---------- Task material
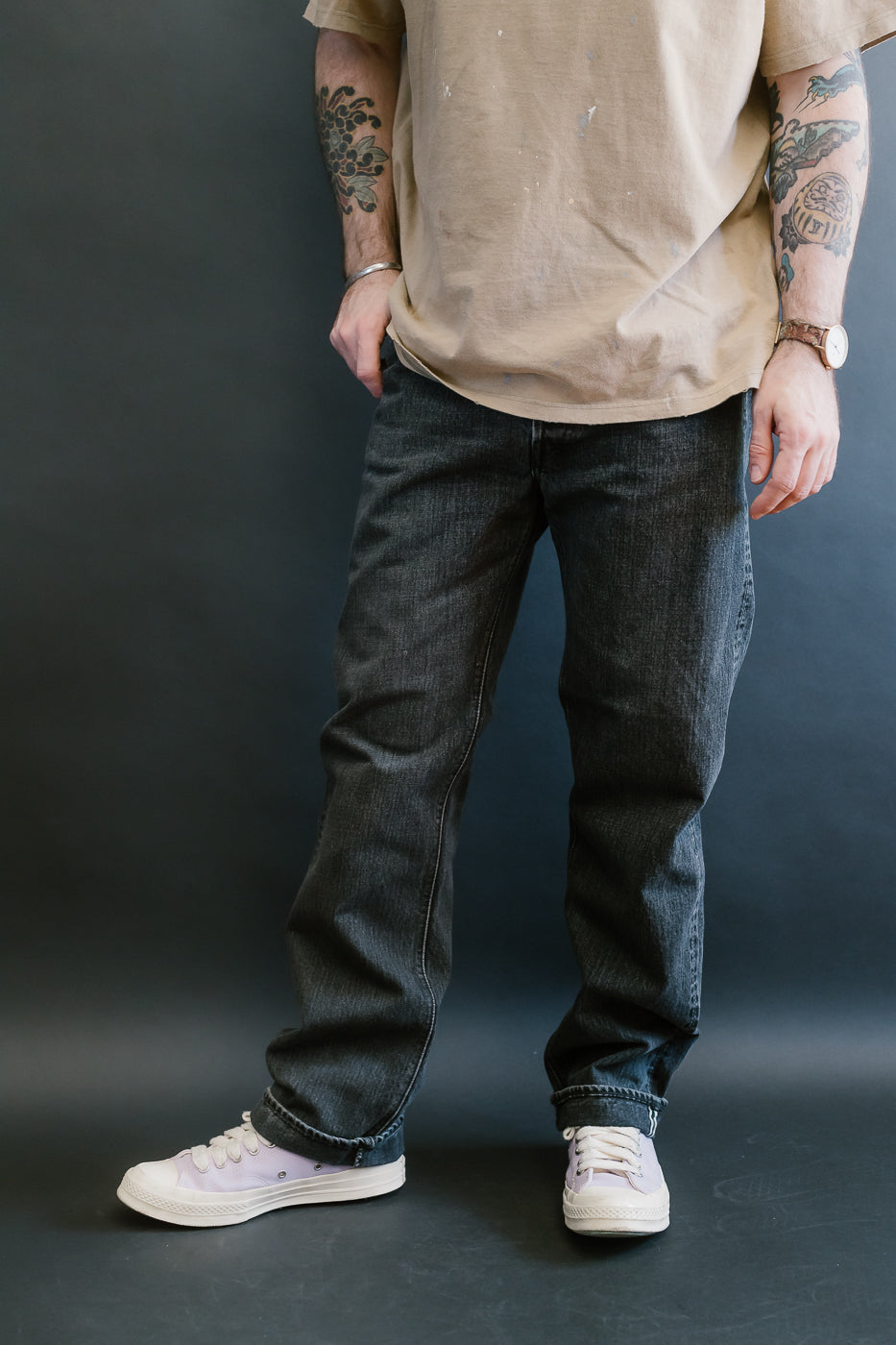01-1050W-D61S - 105 - Standard Fit Selvedge Denim - Black Stone
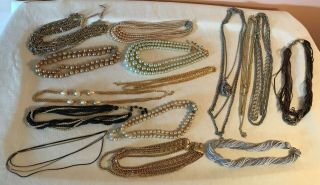 15 Vintage Estate Multi - Strand Necklaces 18 - Strand Silver/gray Monet Korea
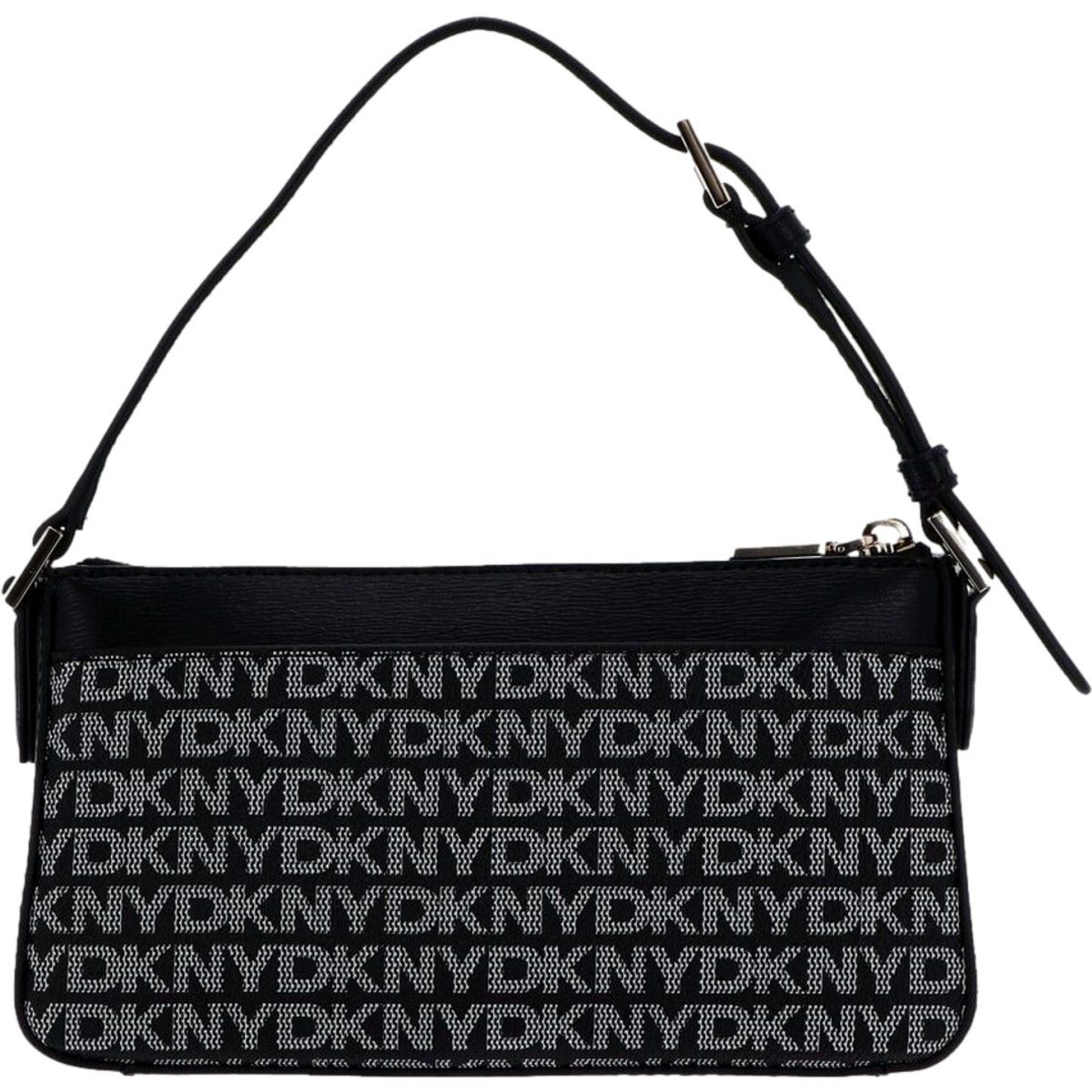 Schultertasche mit Logoprint und Außenfächern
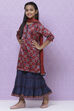 Rust Art Silk Girls Straight Kurta Sharara Suit Set image number 5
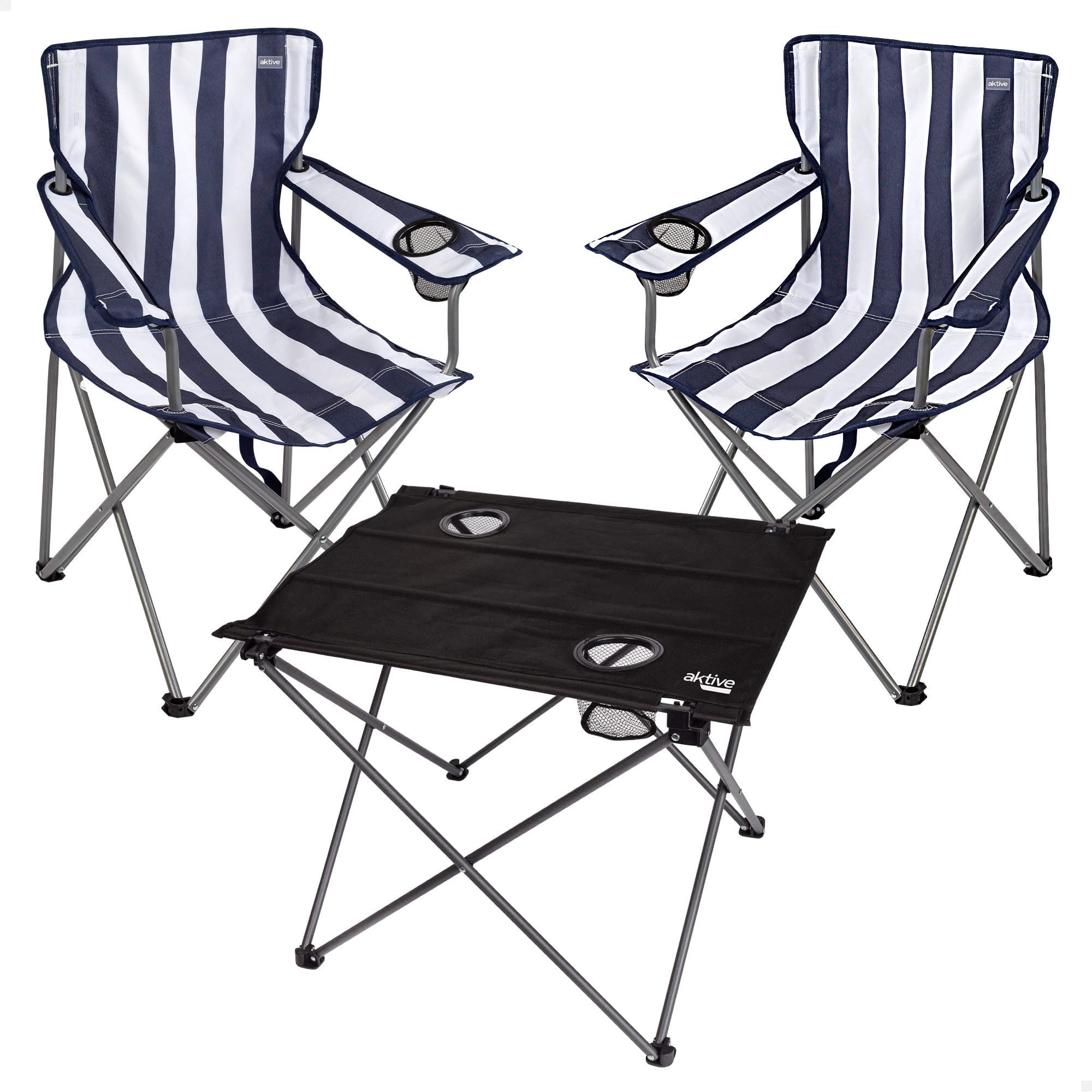 AKTIVE Pack 2 sillas Camping y Mesa Plegable (268)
--------------------
Retype, exactly as written, each line from the one containing "15 Vintage Estate" through the end of the data above, and leave out every picture.

- [Answer section]:
 15 Vintage Estate Multi - Strand Necklaces 18 - Strand Silver/gray Monet Korea
 Schultertasche mit Logoprint und Außenfächern
 Rust Art Silk Girls Straight Kurta Sharara Suit Set image number 5
 AKTIVE Pack 2 sillas Camping y Mesa Plegable (268)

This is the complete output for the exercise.